Aim of the task
In the data below, find the line with "Chaise de bureau" and the line with "Giá vàng hôm nay 24/1", then restate both and every line between them exactly, minus the pictures.

BEGIN Entries shown

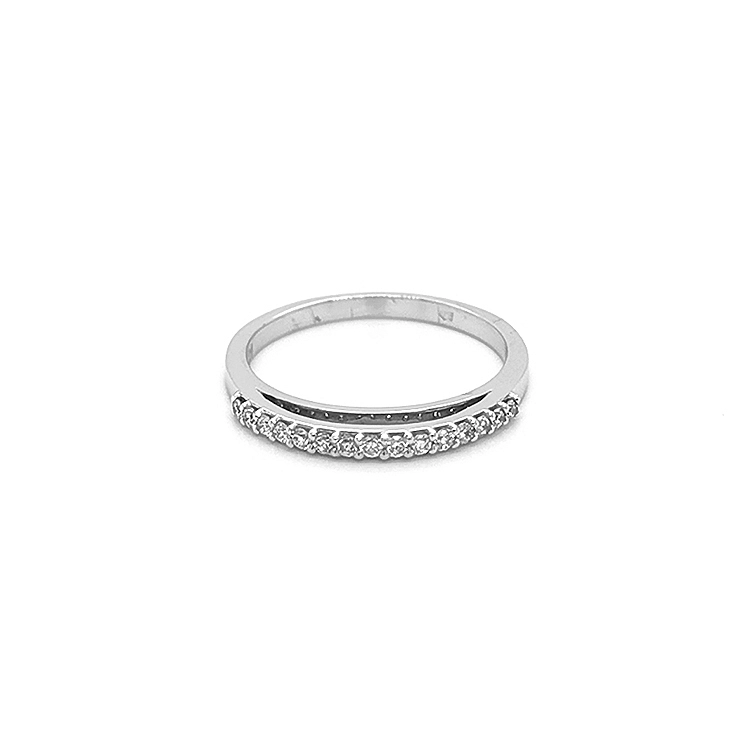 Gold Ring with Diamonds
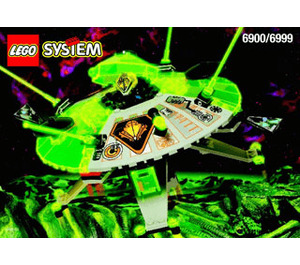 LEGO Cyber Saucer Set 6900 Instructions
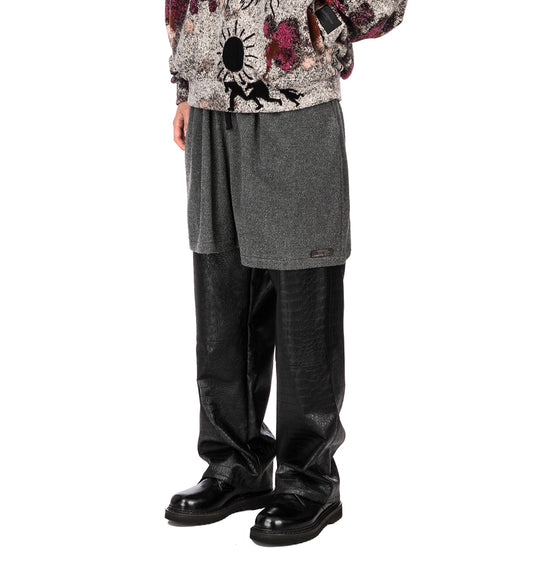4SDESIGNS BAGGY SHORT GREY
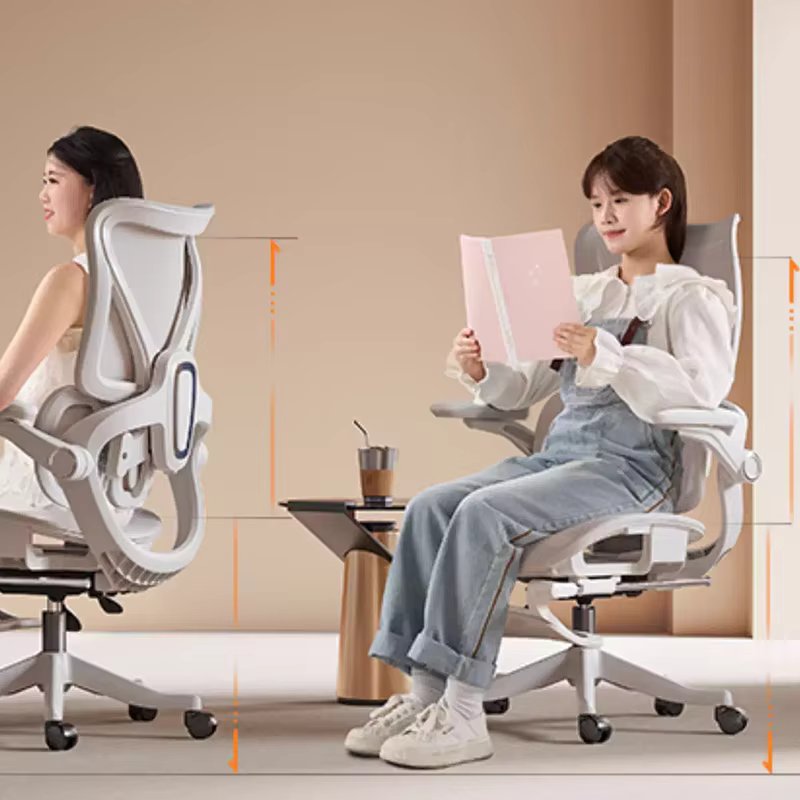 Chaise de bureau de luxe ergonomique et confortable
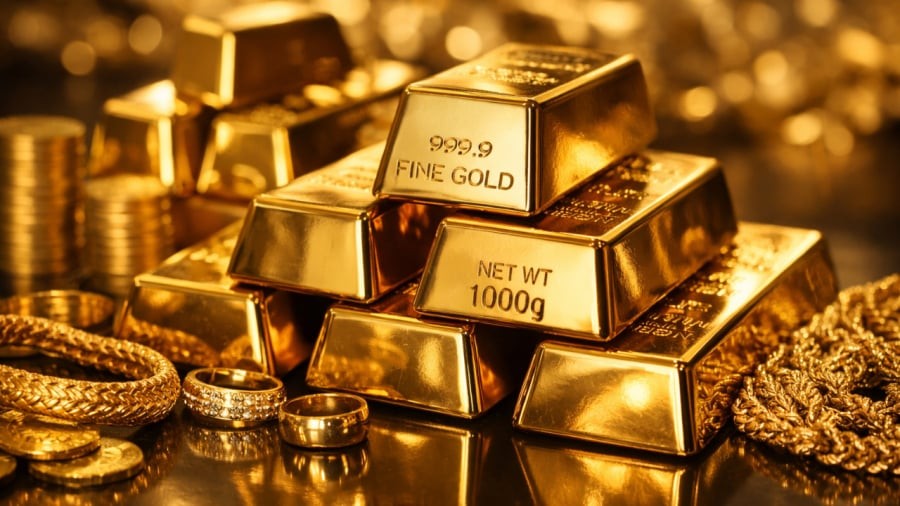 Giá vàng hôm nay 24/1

END Entries shown
BEGIN Entries shown

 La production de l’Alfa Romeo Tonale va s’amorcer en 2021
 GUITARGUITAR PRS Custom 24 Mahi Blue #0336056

END Entries shown

Answer to the exercise
 Chaise de bureau de luxe ergonomique et confortable
 Giá vàng hôm nay 24/1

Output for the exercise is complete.